The Job centres are coming under greater and greater pressure to reduce the numbers of job seakers they have on their books and offer a variety of outside sourced assistance to help their customers find employment

They also have the power to suspend job seeker allowance if job seekers don’t take reasonable employment offered

 Local Papers

 A cheap and quick option that allows you to advertise not only ye vacancy but also your success to the local community. However be warned it can lead to a mountain of CV’s which need your attention. Not only will you receive replies from genuine candidates, you will also get applications from job seekers who must show that they are applying for jobs to avoid having their allowance withdrawn.

If you’re applying for a position advertised in a local paper, remember that your CV will be one amongst a large pile. You need to ensure that someone has read it. The best way to ensure this is to ring them and ask if they received your CV and if so what were their initial thoughts. It shows you are genuinely interested

 Agencies, consultancies and job boards

 The role of the recruitment agency has changed considerably. It has become more and more of a numbers game for the vast majority of them. They are also having to fight harder to get their candidates in front of the company looking to recruit. Not only are they in competition with other agencies, but also with social media (see below) and companies using job boards on the internet directly thus circumnavigating the Recruitment agencies entirely.

The agencies use of internet Job boards such as total jobs and job site has also had a major impact on how the job market works, If they do not have the appropriate CV’s on their own books they will look at registered CV’s on job boards before advertising the position. To produce a manageable spread of possible CV’s they will often only look at CV’s that have been uploaded in the previous day or so. Therefore if you register your own CV with an internet job board you should update it (change file name, add a comma or two) every day to ensure agencies come to you about roles they have.

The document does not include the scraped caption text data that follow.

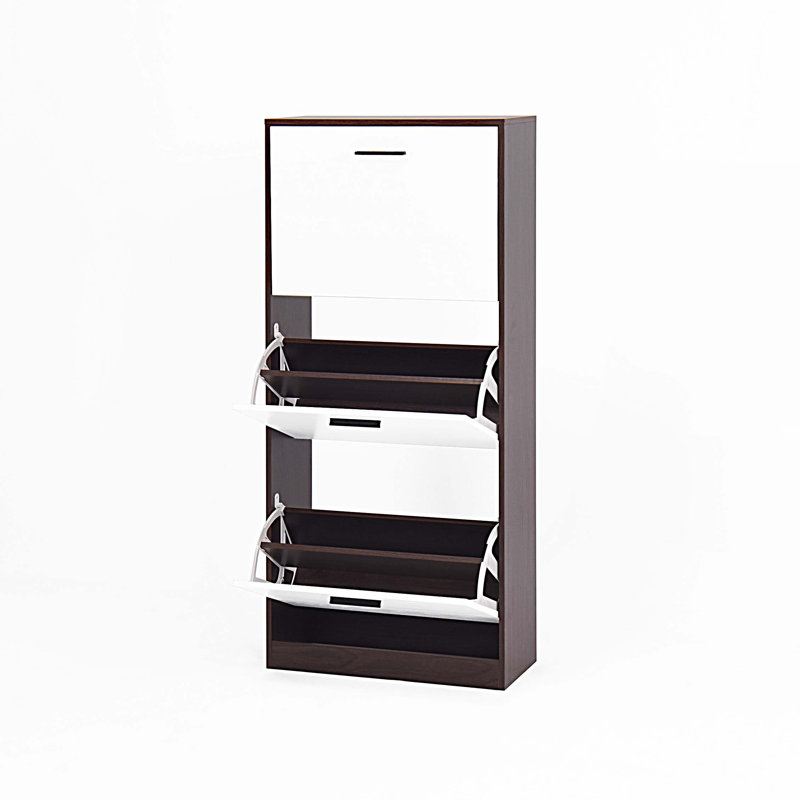 Armoire de rangement pour chaussures avec 3 tiroirs à panneaux blancs, organisateur autoportant, étagère à chaussures étroite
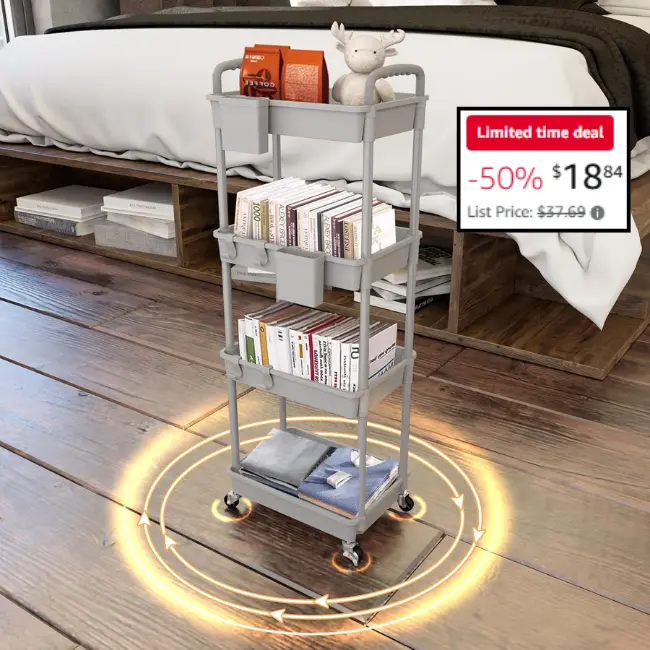 4 Tier Rolling Utility Cart Sale: Save 50% at DealsFinders.com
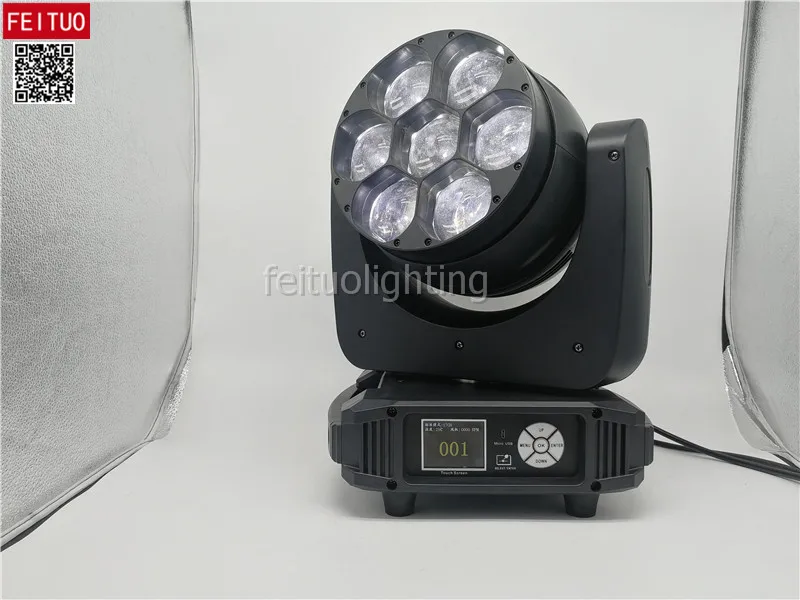 Новый 2 шт./лот светодиодный пчелы глаз Moving Head Light 7x40 w RGBW с переменной фокусировкой стирка лучевые поворотные головки этап световое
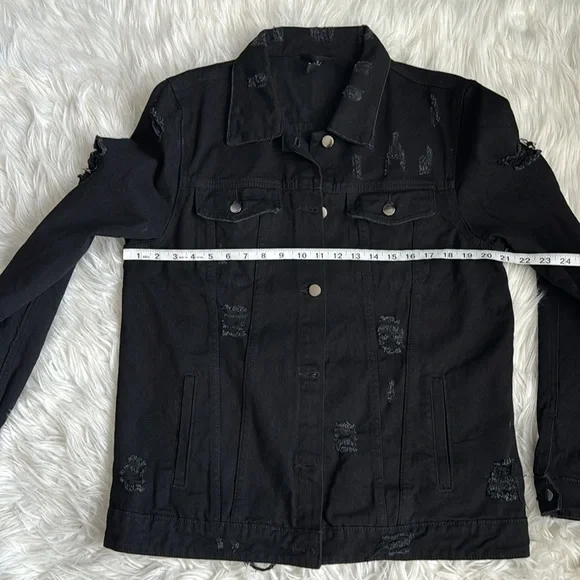 American Bazi Black Denim Jacket Size L - Picture 7 of 8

If you are looking for appropriate agencies as either an employer or a job seeker, a good place to start is the Recruitment and Employment Confederation web page (www.rec.co.uk) where you can search for agencies in your area that specialise in the role you are interested in.

 Social Media

 The use of internet based social media for recruitment is growing. Probably the market leader in this is www.linkedin.com Job seekers can search companies they are interested in and track all announcements they make, including vacancies. You can also use it to find people who work for different companies and find out if you know someone who knows them who could make an introduction for you (Like word of mouth – below). There are many groups covering every possible profession on linked in and these also are used to advertise positions. Sites like this will only become more prolific in the recruitment market as they combine real time CV’s, references and referrals without the expense of more traditional methods.

 Word of mouth

 The oldest and, some would argue, still the most effective way to find a good recruit / company to work for. Decried in some arena’s as an old boy /old school network, it is open to breaches of employment law by restricting the candidates you are willing to interview for a role. Be aware of this and ensure you follow good practice in deciding the role you are looking to create/fill and the skills, experience and knowledge of the person you are looking for to fill it. Also be aware of the dangers of taking on someone a friend has strongly recommended (especially if it’s a family member) only to find they fall far below the standards you expect. If you are looking for a new role, don’t miss the opportunity of asking customers, suppliers, competitors and people you meet at social/networking events if they know of any suitable positions. If you don’t ask them, how will they know you are looking?

 The job market has changed and will continue to do so as new ways of advertising positions or looking for vacancies come to the fore. A good recruitment agency or HR consultant will be able to advise you on the best way to find the candidate/role you are looking for. Sticking to the same old way you have always used may restrict you to a fast reducing pool of people or roles.